Writer should get facts right on peace movement

The Rev. Robert Moore, Princeton
To the editor:
I write in response to Paul Budline’s Feb. 7 As I See It column entitled “Where have all the protests gone?”
   Mr. Budline certainly seems to have an ax to grind. But as the late Sen. Daniel Moynihan said: People are entitled to their own opinions, but not to their own facts.What Mr. Budline alleges about the Coalition for Peace Action is factually wrong. At his request, I’ve spent time meeting with him, explaining our work, and even giving him documents about our finances.
   Nonetheless, he seems to take an approach of “Don’t bother me with the facts, I already know what I think.”
   I’m proud of the fact that in the 30 years I’ve served as executive director of the Coalition for Peace Action, whenever we’ve exercised our First Amendment right and patriotic duty to protest policies we believe are wrong, we’ve been nonpartisan, equal-opportunity protesters.
   When President Clinton ordered the bombing of Kosovo, we repeatedly protested. When President Obama ordered a troop buildup in Afghanistan, we protested. As recently as last Oct. 7, on the 10th anniversary of the Afghanistan War, we criticized President Obama’s Afghanistan policies at a Statehouse rally.
   Of course, we’ve also protested when Republican Presidents engaged in illegal, unnecessary and immoral wars like the one in Iraq. In those protests, we’ve often worked closely with veterans of those wars. As recently as Dec. 29, we had an Iraq War veteran speak at our celebration of the last U.S. troops finally coming home from Iraq.

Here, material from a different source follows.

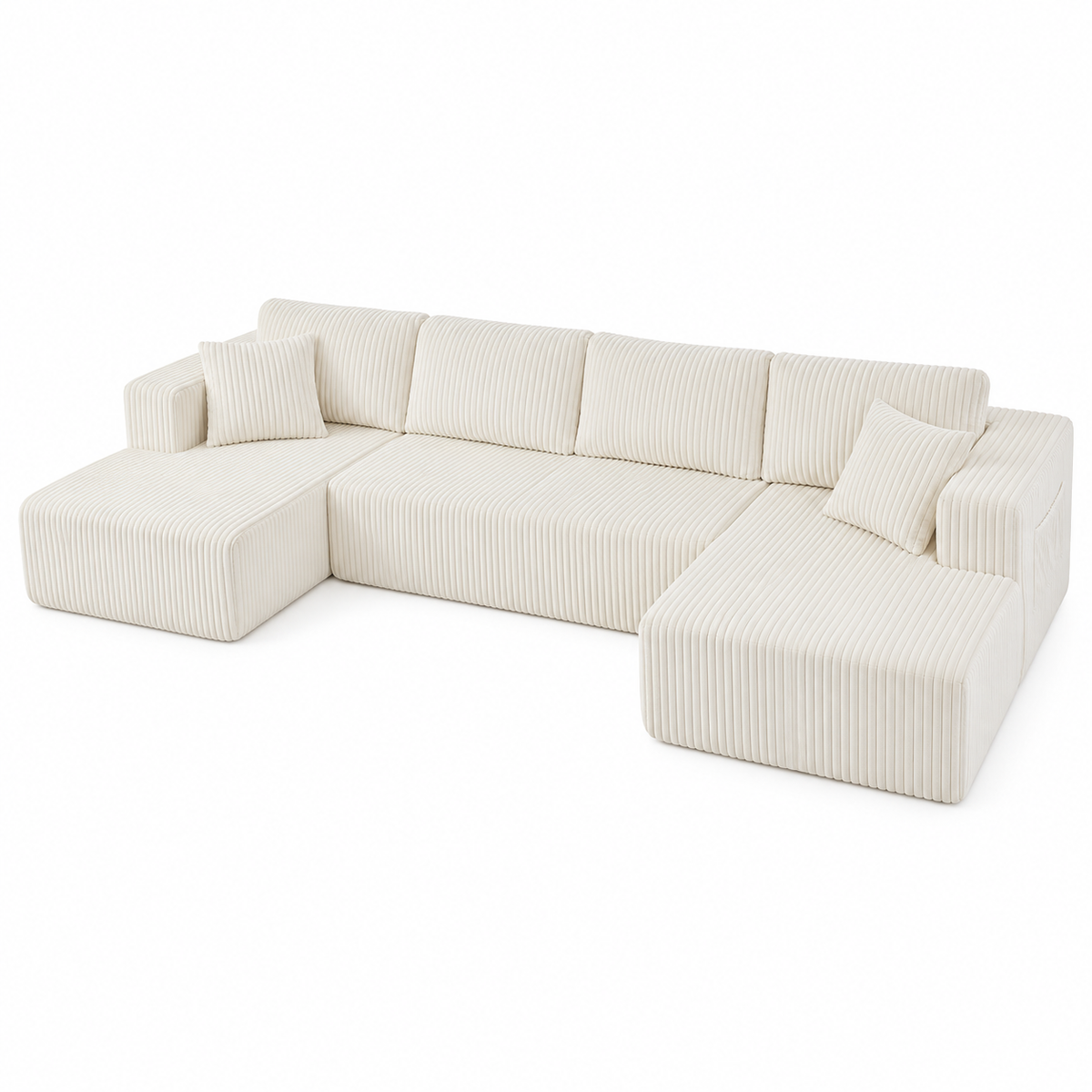 132.5" U-Shaped Modular Corduroy Sectional Sofa, 6-Seater Memory Foam Cloud Couch with Side Pockets, No Assembly, Beige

   It’s true that there have been fewer protests against the Iraq War in recent years. That’s because the extensive efforts of the U.S. peace movement were finally paying off in moving us toward the end of U.S. troop deployments. The agreement to bring them home by the end of 2011 was signed by President Bush in 2008.
   Mr. Budline alleges that we in the peace movement have an attitude of “contempt and pity” toward U.S. military personnel, and rarely know any of them. In my extensive experience as a leader in the U.S. peace movement over the last 35 years, I’ve never seen such attitudes displayed.
   My father is a 20-year veteran of the Navy, fought in two wars (WW II and Korea) and is a long-time supporter of the Coalition for Peace Action.
   The facts about the U.S. peace movement contradict what Mr. Budline alleges.